La maquette — le visuel

La maquette (mockup), c'est le wireframe habillé : couleurs, typographie, images, marque. C'est à quoi ressemblera vraiment l'écran. On valide ici l'identité visuelle et l'émotion. Mais attention : une maquette est statique — on ne peut pas cliquer.

Le prototype — l'interaction

Le prototype rend la maquette cliquable : on navigue d'un écran à l'autre, on teste les parcours, les transitions. C'est ce qu'on met entre les mains d'utilisateurs pour tester avant de coder. C'est l'outil de la validation.

Wireframe = quoi va où. Maquette = à quoi ça ressemble. Prototype = comment ça se comporte.

L'erreur la plus chère : sauter le wireframe

La tentation est forte d'aller droit à la jolie maquette. Mais sans wireframe validé, on peaufine le visuel d'une structure bancale. Résultat : on refait tout quand on réalise que la hiérarchie ne marche pas. Régler la structure en gris coûte 10× moins cher que la refaire en couleur.

Quel niveau de fidélité, quand ?

Le bon outil

Tout se fait dans Figma aujourd'hui — du wireframe au prototype cliquable. L'enjeu n'est pas l'outil mais la discipline de ne pas brûler les étapes. Voir le workflow Figma pro.

Pour un fondateur

Exige de voir les wireframes avant les belles maquettes. Si une agence te présente directement du pixel parfait, elle a peut-être sauté la réflexion structurelle — celle qui fait qu'un produit marche. C'est cette rigueur qu'on applique dans notre phase discovery.

Tu as un projet à cadrer ? On te montre exactement comment on passe de la structure au produit testable — parlons-en 30 minutes.

· Questions fréquentes
Quelle différence entre wireframe, maquette et prototype ?

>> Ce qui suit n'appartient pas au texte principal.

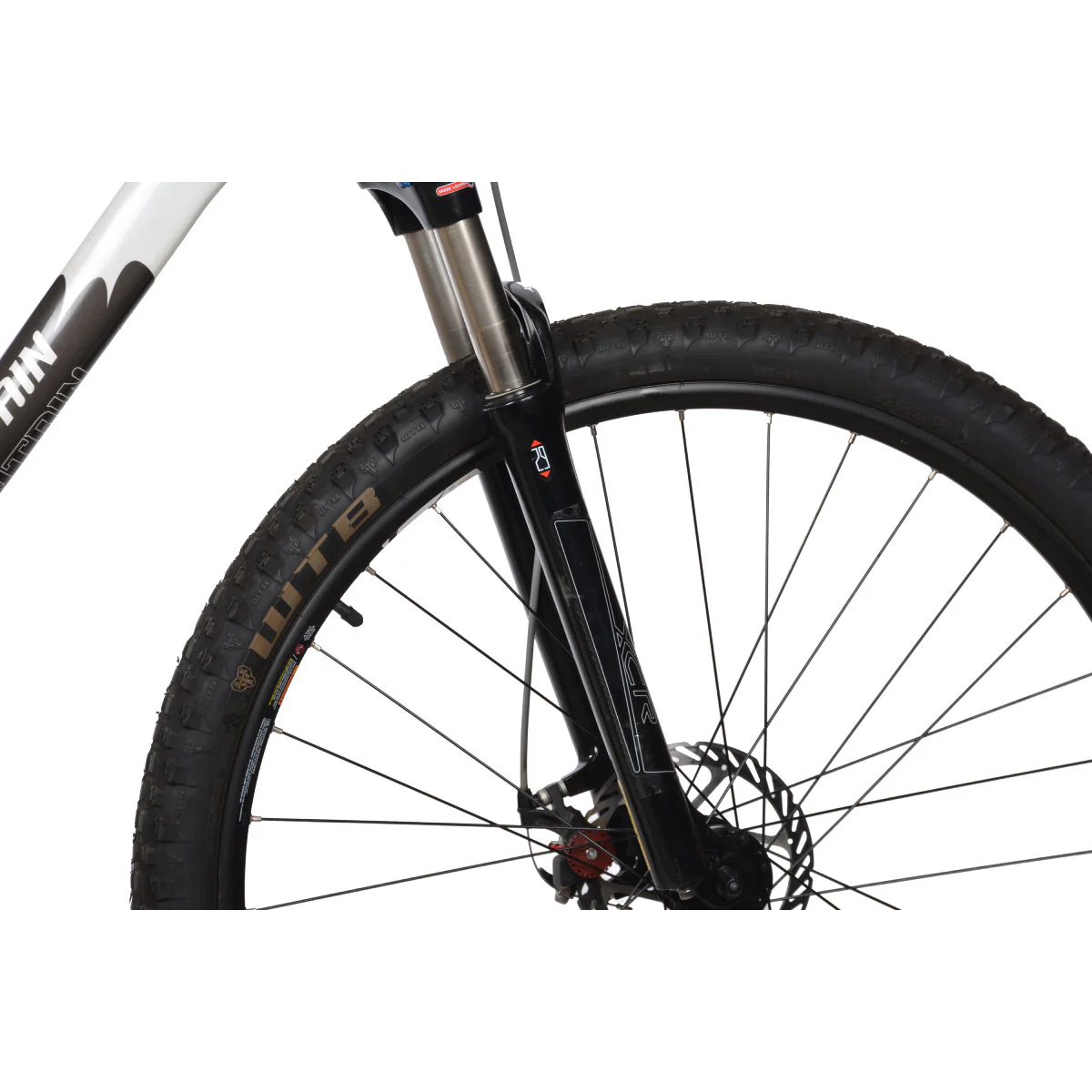 Rocky Mountain Soul 29 - Occasion – Image 8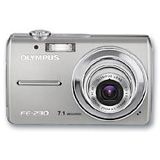 Sell your Olympus FE-230
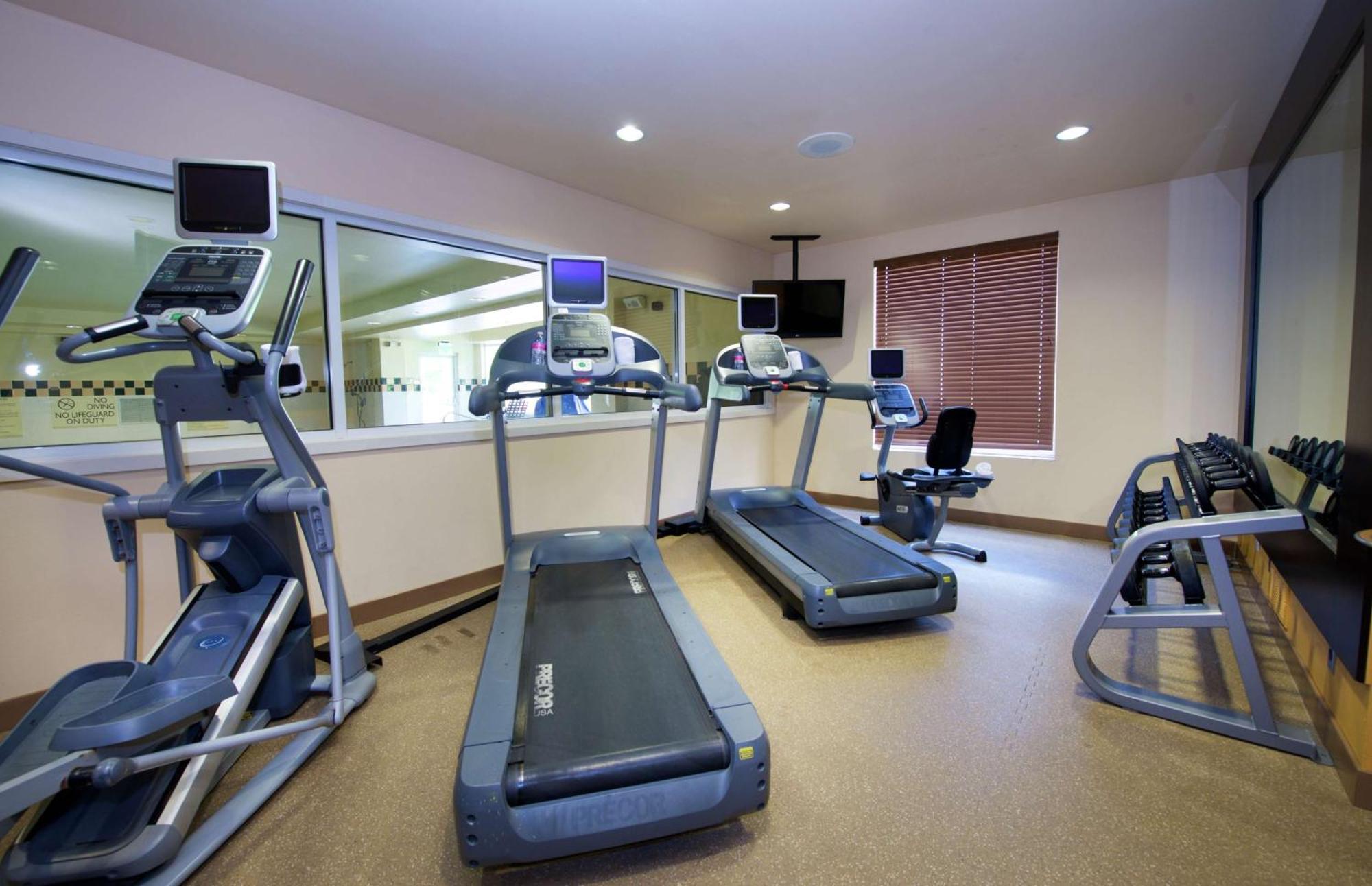 Hilton Garden Inn Seattle/Рентън Екстериор снимка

Le wireframe définit la structure (quoi va où, en blocs gris). La maquette habille cette structure avec couleurs, typo et marque (à quoi ça ressemble, mais statique). Le prototype rend la maquette cliquable pour tester les parcours (comment ça se comporte).

Peut-on sauter l'étape du wireframe ?

C'est l'erreur la plus coûteuse. Sans wireframe validé, on peaufine le visuel d'une structure potentiellement bancale, et on refait tout quand on s'aperçoit que la hiérarchie ne fonctionne pas. Régler la structure en gris coûte environ 10 fois moins cher qu'en couleur.

Faut-il toujours faire un prototype ?

Dès qu'on veut tester des parcours avec de vrais utilisateurs avant de développer, oui. Le prototype permet de valider les interactions et de détecter les problèmes à un coût très inférieur à une correction en production.

Quel outil pour wireframes, maquettes et prototypes ?

Figma couvre les trois aujourd'hui, du wireframe basse fidélité au prototype cliquable. L'important n'est pas l'outil mais la discipline de ne pas brûler les étapes : structure d'abord, visuel ensuite, interaction enfin.